The Washington Post portrayal posted courtesy of P. Ferguson is beyond deeply disturbing, and borders on the horrifyingly shocking. Particularly the sniper aim on Weaver's wife--around her children!--I found brutally, heinously barbarian. One wonders if law enforcement is composed of responsible servants or maurading mercenaries. I'm really stunned not to see any reaction in the popular press so far to this editorial, but I suspect it won't sow ripples but hurtle shearing shockwaves through the media for years to come. However, perhaps just a few weeks have passed since T.C. May admonished and chastised various members for `demonizing' opponents, and then posts a few statements as follows (the sheer bluntness reminds me of the long-dead cries of Murderous Thug on this list, and I feel compelled to respond by blunting the mad, chaotic, rambling, and unfocused shooting):
The killing of that Fed in Idaho was fully justified, as the jury just confirmed. The BATF, DEA, Marshal's Service, and their kind have essentially become a Gestapo-like band of secret police. They raid homes without proper warrants (Phil Karn has told us of the San Diego case), they entrap innocents, they use high tech satellite imagery to locate plots of land they want for various purposes and then trump up charges (the Oxnard-Santa Monica case where the County wanted a guy's land and then drew up drug charges, raided him, and killed him...no drugs were found), and they seize computers and modems of folks like Steve Jackson without bothering to do their homework.

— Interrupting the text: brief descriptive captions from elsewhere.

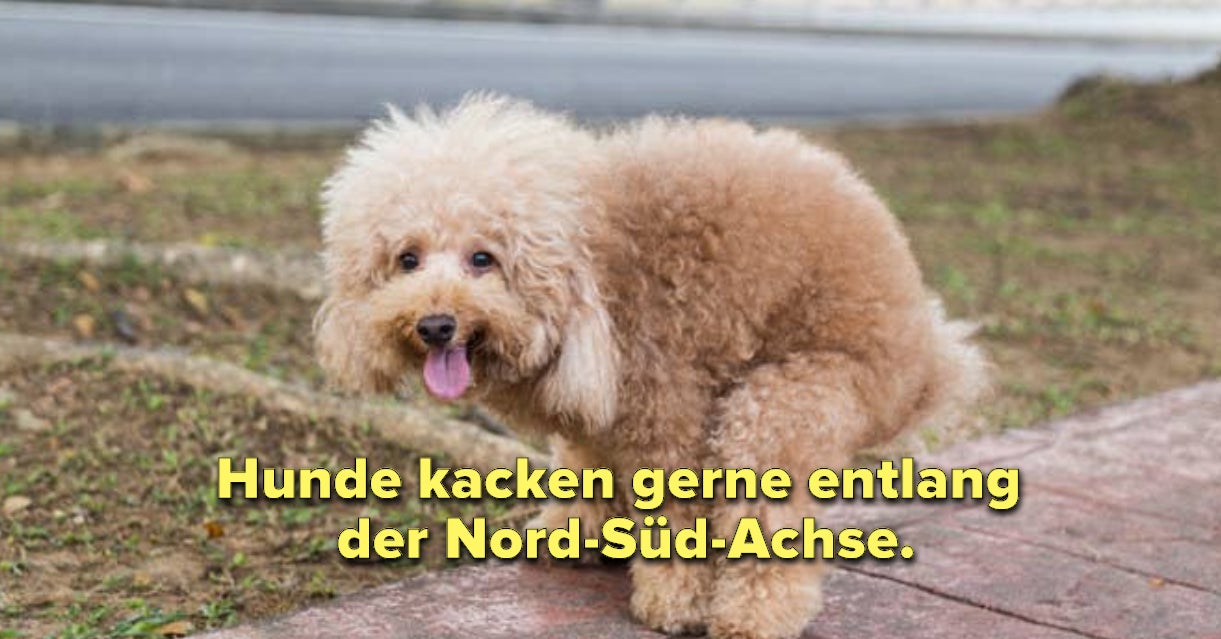 16 spannende Fakten über Hunde, von denen du vielleicht noch nichts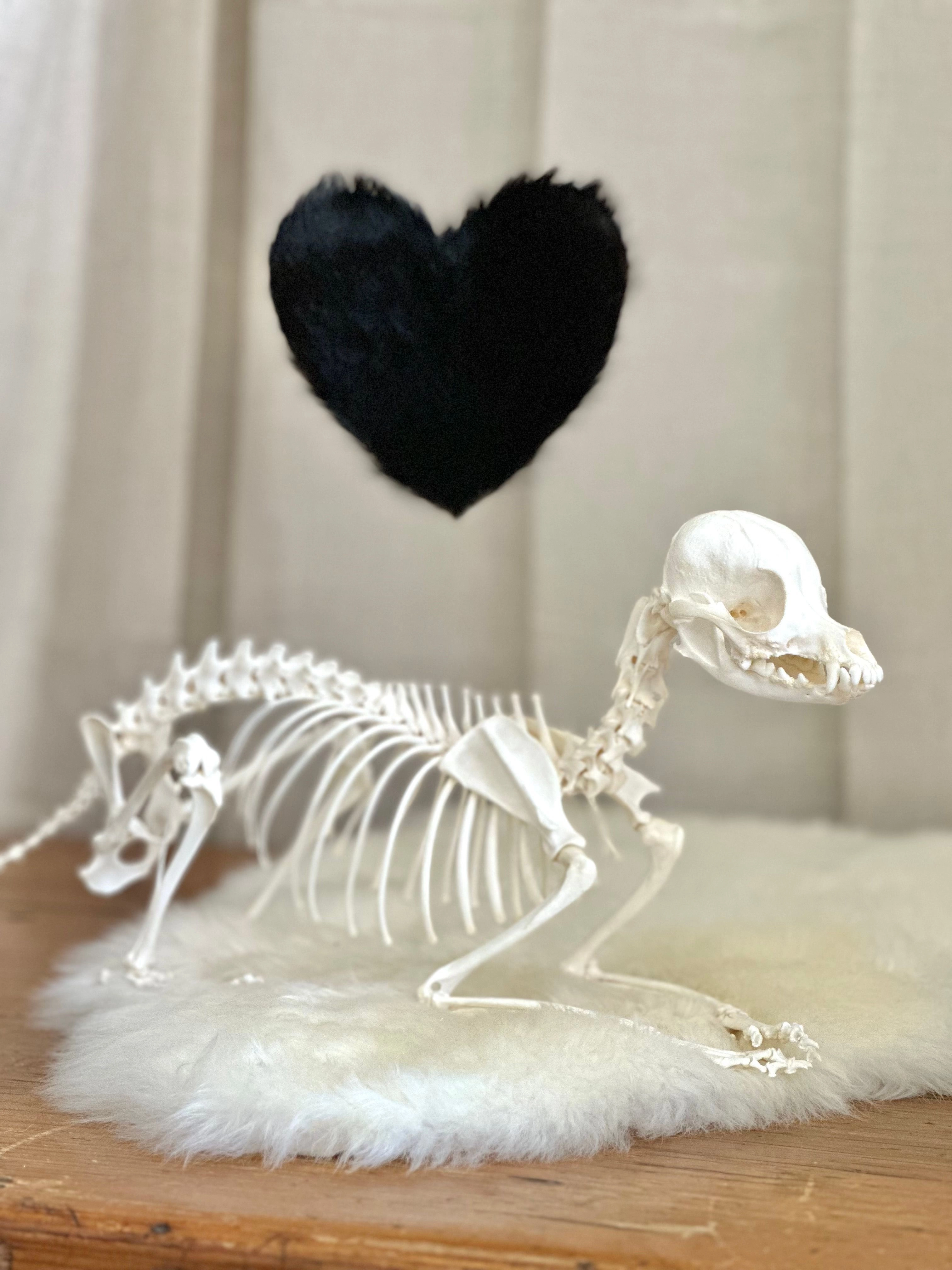 Skeleton and fur heart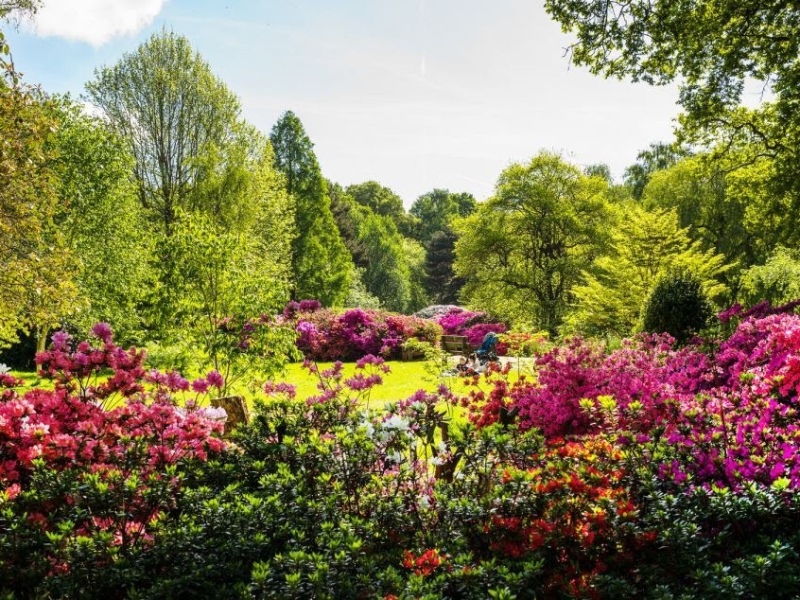 London’s Most Beautiful Parks for a Summer Picnic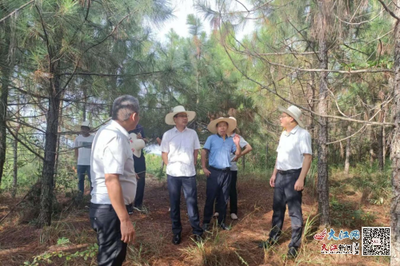 抚州市林业局局长吴开发赴崇仁调研林改工作，助力林业产品销售升级
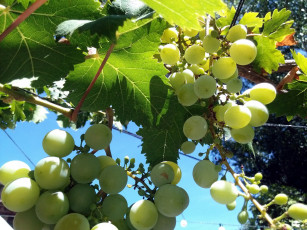 Картинка природа Ягоды +виноград гроздь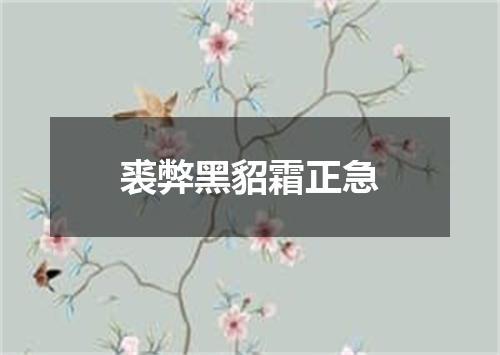 裘弊黑貂霜正急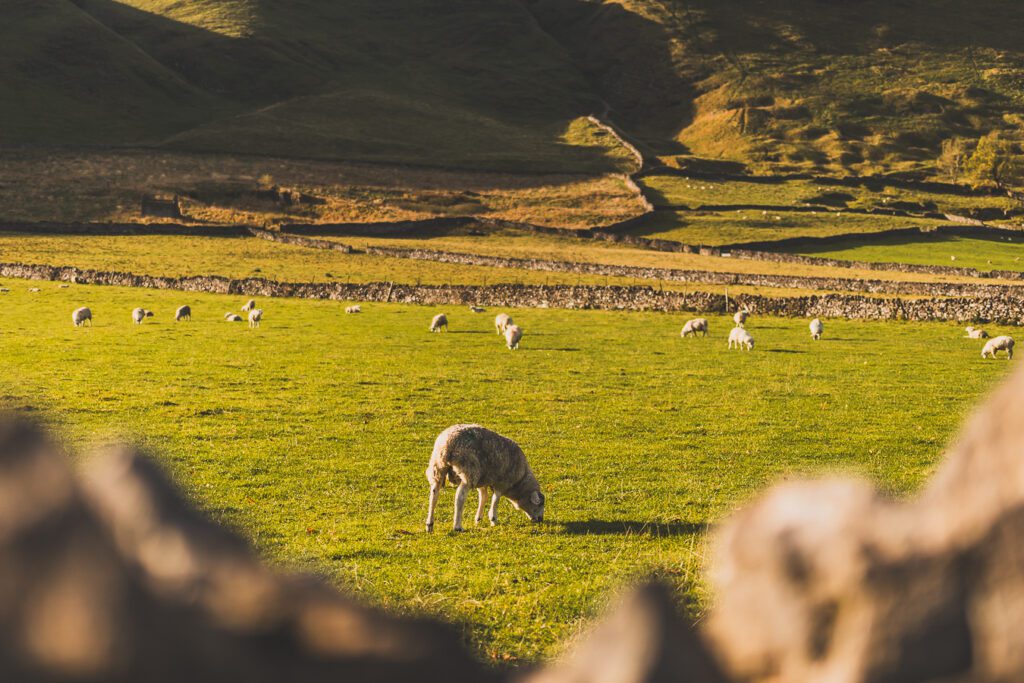 Peak district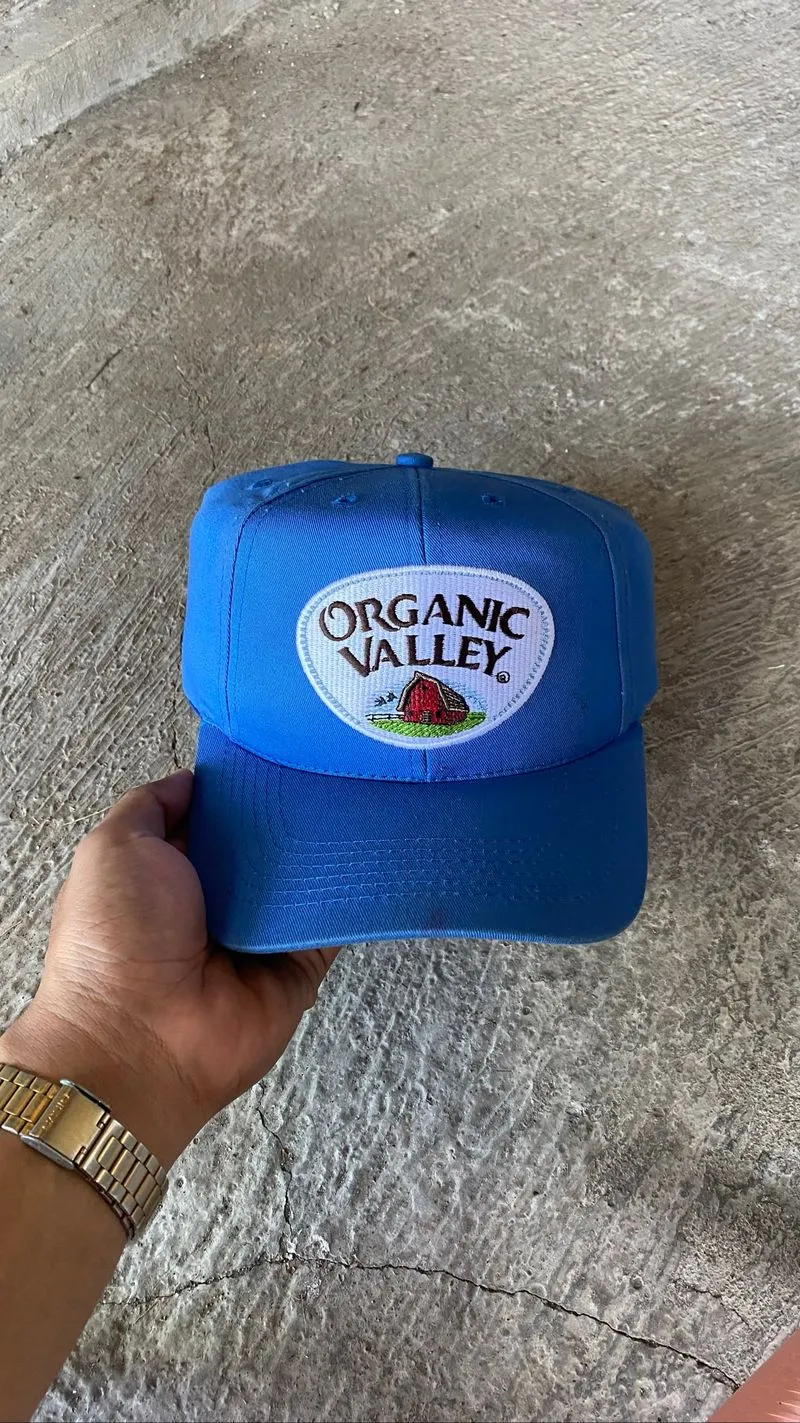 Organic valley Vintage hat  photo 1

Killing justified? Gestapo-like band of secret police? Yeeks. First of all, please resist the temptation to tar a vast number of law enforcement agents with the same brush under the polarizing heading `they'. It is more dangerous to see enemies everywhere than only somewhere (hm, I think the inspiration for that quote came from your own words). Unless they all showed up at an annual Loot & Pillage Conference and traded techniques and swapped success stories, my suspicions wouldn't be aroused. But as it stands your paragraph starts out with the explosion of `Gestapo band of secret police' and ends with a limp whine of `without bothering to do their homework'. As it stands, there is actually a bit of hostility between different law enforcement branches (best documented, I think, in Hacker Crackdown by Sterling, as in FBI vs. local police forces). This animosity prevents the various groups from wholeheartedly colluding, for which we can be ecstatically thankful for. Yes, the individual agencies are extremely dangerous in some of their recent actions, but this is more adequately explained in terms of local stupidity and imperialism than global malice and conspiracy. Ah, but the most dangerous call comes next:
And perhaps their next target will be "crypto-terrorists" like us. After all, many of us advocate overthrowing the fascist/socialist government (I know I do, and many of you do, too), and many of us believe strong crypto is the key ingredient for bypassing tax systems, for trading weapons technology details with others (how long before some of us are charged with aiding and abetting the enemy?), and for creating a transnational cyberspace.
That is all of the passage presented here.